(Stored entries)
------------

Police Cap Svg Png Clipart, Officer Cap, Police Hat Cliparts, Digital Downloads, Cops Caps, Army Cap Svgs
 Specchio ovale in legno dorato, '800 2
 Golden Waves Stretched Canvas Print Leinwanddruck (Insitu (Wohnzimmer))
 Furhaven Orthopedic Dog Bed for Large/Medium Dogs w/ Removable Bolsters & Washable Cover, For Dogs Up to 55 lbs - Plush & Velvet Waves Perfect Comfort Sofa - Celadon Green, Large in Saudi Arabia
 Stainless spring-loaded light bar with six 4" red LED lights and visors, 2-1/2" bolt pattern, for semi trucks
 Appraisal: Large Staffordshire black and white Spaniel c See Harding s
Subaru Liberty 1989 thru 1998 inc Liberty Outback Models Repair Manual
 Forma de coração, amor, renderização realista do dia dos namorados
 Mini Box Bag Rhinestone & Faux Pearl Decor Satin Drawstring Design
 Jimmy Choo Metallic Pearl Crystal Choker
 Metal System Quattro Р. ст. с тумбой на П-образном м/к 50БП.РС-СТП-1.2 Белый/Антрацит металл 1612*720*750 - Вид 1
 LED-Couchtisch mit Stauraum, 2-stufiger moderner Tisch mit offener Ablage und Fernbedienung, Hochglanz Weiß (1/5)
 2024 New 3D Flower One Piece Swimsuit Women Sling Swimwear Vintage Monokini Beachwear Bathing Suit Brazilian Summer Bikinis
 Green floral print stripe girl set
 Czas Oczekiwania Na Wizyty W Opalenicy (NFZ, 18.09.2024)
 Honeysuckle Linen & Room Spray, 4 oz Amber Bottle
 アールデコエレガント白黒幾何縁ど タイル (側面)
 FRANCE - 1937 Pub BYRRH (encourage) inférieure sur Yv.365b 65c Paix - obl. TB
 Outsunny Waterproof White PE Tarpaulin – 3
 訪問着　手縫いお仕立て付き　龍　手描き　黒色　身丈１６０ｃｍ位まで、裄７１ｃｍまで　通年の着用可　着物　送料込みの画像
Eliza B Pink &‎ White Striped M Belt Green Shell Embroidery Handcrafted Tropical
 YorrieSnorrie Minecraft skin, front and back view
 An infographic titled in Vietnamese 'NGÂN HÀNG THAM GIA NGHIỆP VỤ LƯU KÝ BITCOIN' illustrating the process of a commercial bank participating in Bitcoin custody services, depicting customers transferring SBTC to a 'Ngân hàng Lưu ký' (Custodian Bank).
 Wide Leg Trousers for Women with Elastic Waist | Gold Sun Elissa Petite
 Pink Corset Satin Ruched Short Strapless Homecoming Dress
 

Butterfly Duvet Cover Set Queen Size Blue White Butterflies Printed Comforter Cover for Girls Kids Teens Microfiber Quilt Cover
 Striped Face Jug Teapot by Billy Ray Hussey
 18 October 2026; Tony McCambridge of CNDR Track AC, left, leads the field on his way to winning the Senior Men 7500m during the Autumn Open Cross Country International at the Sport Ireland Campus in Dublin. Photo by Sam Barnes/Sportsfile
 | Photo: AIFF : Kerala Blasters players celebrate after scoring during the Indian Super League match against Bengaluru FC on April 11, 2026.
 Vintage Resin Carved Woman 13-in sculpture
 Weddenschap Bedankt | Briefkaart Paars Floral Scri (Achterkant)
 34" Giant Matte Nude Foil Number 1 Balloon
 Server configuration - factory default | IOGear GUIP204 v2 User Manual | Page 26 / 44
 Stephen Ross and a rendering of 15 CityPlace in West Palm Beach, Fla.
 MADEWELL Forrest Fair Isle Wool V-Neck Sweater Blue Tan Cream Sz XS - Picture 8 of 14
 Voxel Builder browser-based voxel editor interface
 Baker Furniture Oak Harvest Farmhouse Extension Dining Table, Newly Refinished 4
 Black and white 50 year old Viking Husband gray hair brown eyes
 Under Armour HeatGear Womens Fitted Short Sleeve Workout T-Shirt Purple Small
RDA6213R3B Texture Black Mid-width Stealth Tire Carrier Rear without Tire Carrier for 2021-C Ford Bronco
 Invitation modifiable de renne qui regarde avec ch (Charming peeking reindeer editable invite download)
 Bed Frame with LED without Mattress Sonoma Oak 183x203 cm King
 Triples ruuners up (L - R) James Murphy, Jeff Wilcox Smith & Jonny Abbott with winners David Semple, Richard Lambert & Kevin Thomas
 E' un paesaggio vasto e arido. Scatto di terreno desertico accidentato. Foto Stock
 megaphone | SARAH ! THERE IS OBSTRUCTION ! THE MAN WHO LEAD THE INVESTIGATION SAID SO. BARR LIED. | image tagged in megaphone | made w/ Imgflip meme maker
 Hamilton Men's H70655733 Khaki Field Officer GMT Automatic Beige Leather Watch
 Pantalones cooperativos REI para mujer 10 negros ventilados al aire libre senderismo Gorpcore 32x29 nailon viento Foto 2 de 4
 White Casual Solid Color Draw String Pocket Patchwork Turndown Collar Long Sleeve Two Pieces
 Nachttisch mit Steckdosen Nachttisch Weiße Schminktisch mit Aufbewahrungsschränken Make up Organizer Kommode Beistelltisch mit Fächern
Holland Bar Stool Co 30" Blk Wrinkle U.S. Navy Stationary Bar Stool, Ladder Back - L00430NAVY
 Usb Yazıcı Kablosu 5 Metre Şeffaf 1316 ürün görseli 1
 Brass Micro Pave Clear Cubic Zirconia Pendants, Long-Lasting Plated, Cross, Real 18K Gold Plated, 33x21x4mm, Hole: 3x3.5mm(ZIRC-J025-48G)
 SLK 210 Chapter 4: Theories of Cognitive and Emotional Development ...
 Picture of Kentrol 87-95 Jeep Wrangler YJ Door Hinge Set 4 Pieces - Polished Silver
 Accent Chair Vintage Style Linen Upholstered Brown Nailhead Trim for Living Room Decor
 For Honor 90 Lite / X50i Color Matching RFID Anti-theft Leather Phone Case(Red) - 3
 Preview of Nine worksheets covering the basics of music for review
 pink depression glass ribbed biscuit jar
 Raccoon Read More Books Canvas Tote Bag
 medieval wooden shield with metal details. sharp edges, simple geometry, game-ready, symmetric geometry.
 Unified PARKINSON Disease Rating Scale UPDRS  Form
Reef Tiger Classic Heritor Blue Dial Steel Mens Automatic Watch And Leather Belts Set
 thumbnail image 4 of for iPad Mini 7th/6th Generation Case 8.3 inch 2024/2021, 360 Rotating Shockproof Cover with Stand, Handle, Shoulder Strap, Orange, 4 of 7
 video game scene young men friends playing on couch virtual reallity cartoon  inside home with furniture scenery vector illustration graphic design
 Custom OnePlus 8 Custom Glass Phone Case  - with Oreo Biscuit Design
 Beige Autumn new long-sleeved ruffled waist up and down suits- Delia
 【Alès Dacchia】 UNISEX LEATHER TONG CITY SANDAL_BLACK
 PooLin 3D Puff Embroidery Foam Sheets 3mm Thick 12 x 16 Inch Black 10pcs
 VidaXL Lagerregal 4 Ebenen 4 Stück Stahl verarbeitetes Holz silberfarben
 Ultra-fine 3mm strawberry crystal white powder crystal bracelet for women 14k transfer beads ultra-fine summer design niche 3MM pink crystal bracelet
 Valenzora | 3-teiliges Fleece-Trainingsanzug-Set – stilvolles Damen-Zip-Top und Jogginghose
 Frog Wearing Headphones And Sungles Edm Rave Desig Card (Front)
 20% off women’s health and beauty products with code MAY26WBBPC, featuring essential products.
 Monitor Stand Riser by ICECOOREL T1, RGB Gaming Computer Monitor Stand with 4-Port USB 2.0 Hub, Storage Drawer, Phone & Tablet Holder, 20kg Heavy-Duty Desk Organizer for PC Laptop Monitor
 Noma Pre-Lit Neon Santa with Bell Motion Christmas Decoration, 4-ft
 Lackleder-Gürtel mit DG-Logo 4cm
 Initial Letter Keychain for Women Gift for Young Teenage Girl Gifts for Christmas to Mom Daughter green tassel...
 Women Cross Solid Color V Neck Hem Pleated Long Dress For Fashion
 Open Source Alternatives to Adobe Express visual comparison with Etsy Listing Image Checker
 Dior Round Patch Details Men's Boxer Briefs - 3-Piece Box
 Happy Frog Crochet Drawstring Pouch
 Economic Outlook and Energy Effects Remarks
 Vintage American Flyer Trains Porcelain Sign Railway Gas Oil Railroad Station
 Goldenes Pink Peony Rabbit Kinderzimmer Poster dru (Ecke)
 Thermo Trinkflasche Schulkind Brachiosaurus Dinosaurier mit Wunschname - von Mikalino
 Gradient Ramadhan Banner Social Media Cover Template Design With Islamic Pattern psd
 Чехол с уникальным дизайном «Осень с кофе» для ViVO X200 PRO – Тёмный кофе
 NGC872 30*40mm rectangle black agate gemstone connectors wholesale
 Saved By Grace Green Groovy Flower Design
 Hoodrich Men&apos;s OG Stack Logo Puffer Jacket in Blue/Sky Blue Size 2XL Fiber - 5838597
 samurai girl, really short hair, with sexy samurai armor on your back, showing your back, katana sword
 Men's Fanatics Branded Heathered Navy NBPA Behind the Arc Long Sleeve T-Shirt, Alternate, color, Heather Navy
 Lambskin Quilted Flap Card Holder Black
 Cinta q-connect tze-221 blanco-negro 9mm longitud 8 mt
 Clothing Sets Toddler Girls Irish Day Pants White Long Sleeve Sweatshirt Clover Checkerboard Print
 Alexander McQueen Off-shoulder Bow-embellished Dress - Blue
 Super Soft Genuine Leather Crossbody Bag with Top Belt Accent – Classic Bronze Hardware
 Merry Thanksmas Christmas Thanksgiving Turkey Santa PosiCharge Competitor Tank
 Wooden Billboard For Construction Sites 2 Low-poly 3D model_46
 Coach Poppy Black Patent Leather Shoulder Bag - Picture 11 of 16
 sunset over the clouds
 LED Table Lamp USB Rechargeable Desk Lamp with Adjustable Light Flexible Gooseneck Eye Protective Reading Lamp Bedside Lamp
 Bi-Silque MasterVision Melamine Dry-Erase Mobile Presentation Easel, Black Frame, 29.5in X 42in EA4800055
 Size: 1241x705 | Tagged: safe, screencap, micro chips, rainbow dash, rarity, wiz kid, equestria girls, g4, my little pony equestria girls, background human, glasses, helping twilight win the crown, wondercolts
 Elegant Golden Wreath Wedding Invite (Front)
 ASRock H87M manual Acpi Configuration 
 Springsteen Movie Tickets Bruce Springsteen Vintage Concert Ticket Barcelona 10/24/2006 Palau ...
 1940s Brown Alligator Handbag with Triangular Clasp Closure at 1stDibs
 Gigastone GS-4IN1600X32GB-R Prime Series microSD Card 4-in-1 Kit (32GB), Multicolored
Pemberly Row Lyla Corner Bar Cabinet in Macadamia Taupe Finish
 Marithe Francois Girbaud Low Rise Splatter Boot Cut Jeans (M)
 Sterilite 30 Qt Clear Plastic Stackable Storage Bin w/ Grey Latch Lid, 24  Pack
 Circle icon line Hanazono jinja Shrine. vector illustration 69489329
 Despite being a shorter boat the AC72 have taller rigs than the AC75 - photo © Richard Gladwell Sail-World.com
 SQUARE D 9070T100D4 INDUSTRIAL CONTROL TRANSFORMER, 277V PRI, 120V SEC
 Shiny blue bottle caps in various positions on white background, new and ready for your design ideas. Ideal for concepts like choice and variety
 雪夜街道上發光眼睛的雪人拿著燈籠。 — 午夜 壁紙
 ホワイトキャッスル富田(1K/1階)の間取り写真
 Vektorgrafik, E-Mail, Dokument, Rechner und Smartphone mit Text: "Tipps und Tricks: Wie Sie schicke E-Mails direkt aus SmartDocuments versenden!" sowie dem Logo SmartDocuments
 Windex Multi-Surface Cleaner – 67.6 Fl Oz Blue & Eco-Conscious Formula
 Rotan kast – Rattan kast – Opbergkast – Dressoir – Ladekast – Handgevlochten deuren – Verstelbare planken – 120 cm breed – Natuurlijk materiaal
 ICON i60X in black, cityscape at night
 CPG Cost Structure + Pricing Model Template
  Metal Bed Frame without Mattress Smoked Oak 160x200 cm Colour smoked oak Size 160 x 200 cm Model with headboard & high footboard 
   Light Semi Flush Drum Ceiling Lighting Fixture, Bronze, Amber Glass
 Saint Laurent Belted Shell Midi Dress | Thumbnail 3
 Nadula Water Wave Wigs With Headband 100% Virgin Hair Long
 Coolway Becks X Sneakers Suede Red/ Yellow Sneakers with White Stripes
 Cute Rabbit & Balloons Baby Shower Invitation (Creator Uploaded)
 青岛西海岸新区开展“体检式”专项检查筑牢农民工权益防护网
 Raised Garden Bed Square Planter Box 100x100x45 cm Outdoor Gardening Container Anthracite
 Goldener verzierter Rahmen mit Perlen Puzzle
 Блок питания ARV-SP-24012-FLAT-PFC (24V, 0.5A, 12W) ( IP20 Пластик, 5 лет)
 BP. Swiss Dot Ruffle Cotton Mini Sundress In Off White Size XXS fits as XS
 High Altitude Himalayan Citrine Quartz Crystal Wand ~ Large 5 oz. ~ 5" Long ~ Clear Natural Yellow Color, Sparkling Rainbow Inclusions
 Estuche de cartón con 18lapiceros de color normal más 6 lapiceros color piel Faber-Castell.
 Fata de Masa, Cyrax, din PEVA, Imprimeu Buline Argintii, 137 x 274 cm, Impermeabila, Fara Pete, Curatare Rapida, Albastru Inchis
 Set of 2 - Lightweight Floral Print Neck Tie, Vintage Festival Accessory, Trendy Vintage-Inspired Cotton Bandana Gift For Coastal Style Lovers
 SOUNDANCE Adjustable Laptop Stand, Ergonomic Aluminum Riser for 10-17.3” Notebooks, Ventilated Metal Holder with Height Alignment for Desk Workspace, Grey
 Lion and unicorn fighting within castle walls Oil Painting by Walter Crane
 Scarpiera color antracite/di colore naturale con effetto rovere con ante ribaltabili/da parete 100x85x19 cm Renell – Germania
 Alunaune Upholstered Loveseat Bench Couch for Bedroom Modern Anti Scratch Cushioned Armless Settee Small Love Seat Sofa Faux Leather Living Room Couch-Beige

------------

Where the data above reaches the line holding "Vektorgrafik, E-Mail, Dokument, Rechner", begin printing, and stop after the line holding "CPG Cost Structure + Pricing Model Template". Each line must be reproduced exactly, with nothing else added.

* [Exercise answer]:
 Vektorgrafik, E-Mail, Dokument, Rechner und Smartphone mit Text: "Tipps und Tricks: Wie Sie schicke E-Mails direkt aus SmartDocuments versenden!" sowie dem Logo SmartDocuments
 Windex Multi-Surface Cleaner – 67.6 Fl Oz Blue & Eco-Conscious Formula
 Rotan kast – Rattan kast – Opbergkast – Dressoir – Ladekast – Handgevlochten deuren – Verstelbare planken – 120 cm breed – Natuurlijk materiaal
 ICON i60X in black, cityscape at night
 CPG Cost Structure + Pricing Model Template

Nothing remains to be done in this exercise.